Other studies however, have failed to demonstrate substantial effects of the pulsed dye laser on scars (Allison et al 2003; Paquet 2001; Whittenberg et al 1999;). Paquet assessed laser treated scars using remittance spectroscopy. Although a discrete decrease in redness of the scars was reported clinically this was not confirmed by objective data. Whittenberg et al, in a prospective single blind randomized controlled study compared laser treatment with silicon gel sheeting and controls. Although there was an overall reduction in blood volume and flow and scar pruritis over time, there were no differences detected between the treatment arms and the control groups. Allison et al, treating old and new scars with the pulsed dye laser with fluences of 5 to 6 Jcm-2 were unable to demonstrate any statistical differences between treatment and control by photographic assessments nor surface profile measurements. However, they did notice a significant improvement in scar pruritis in the active group compared with the controlled group.

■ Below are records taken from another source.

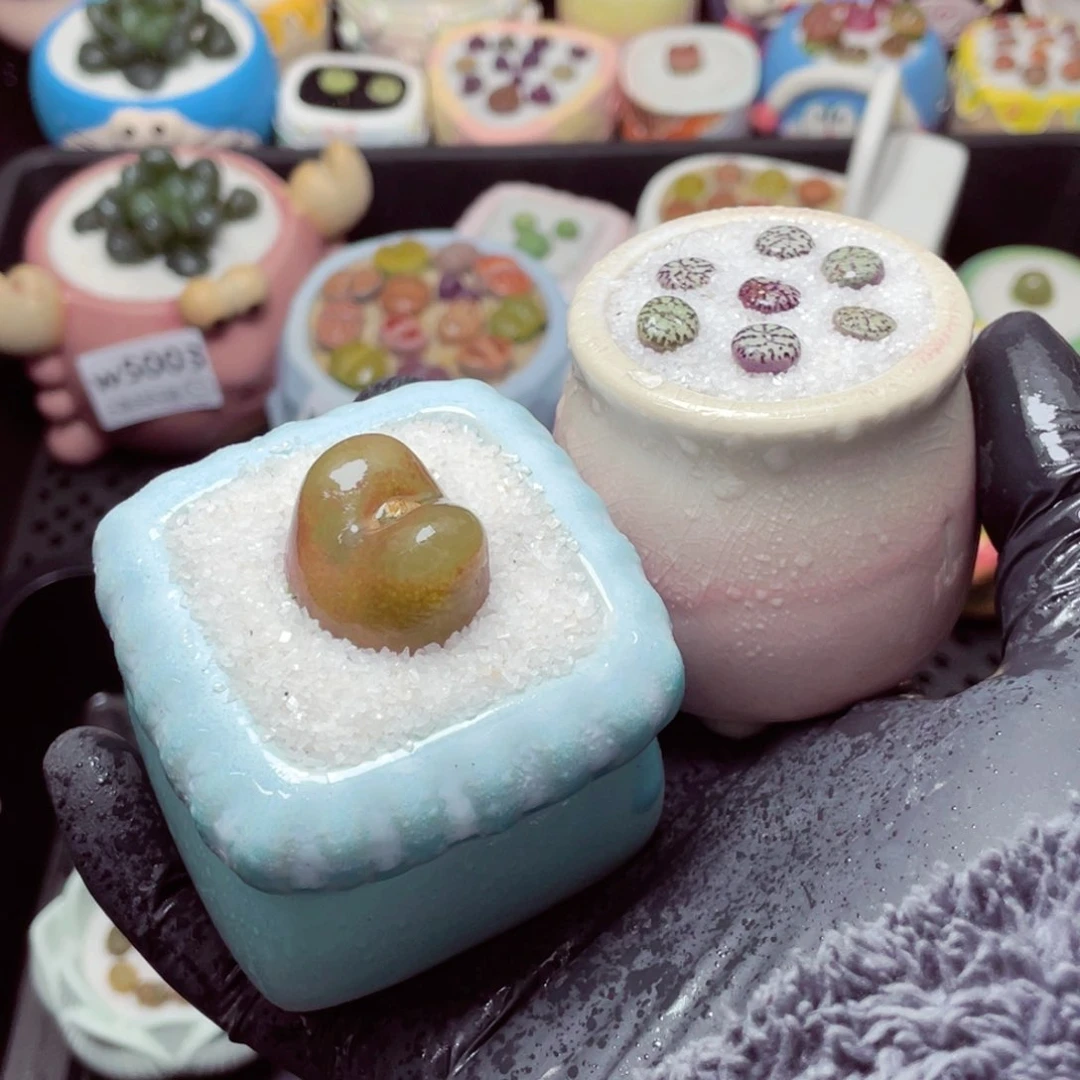 w5010-盆微瑕，-带盆土发货，零下地区拍保温箱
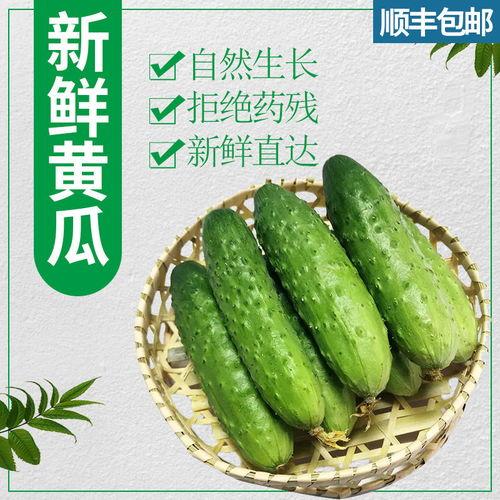 黄瓜嫩瓜怎么吃  第2张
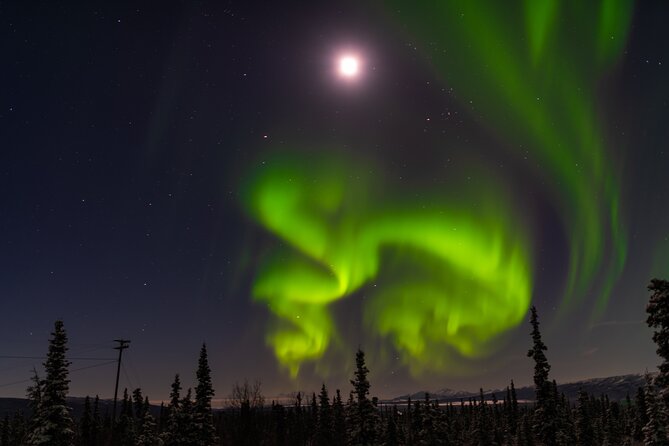 Northern Lights Adventure of a Liftetime from Anchorage - From Anchorage lights to a darker sky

In conclusion, there are now multiple studies assessing the effects of the pulsed dye laser in the treatment of scars. Although results are conflicting, particularly when controlled studies are performed, it would appear that in some cases laser therapy can be beneficial in the treatment for scars. It is likely that redness and pruritis are the two parameters that are most likely to significantly improve with this treatment.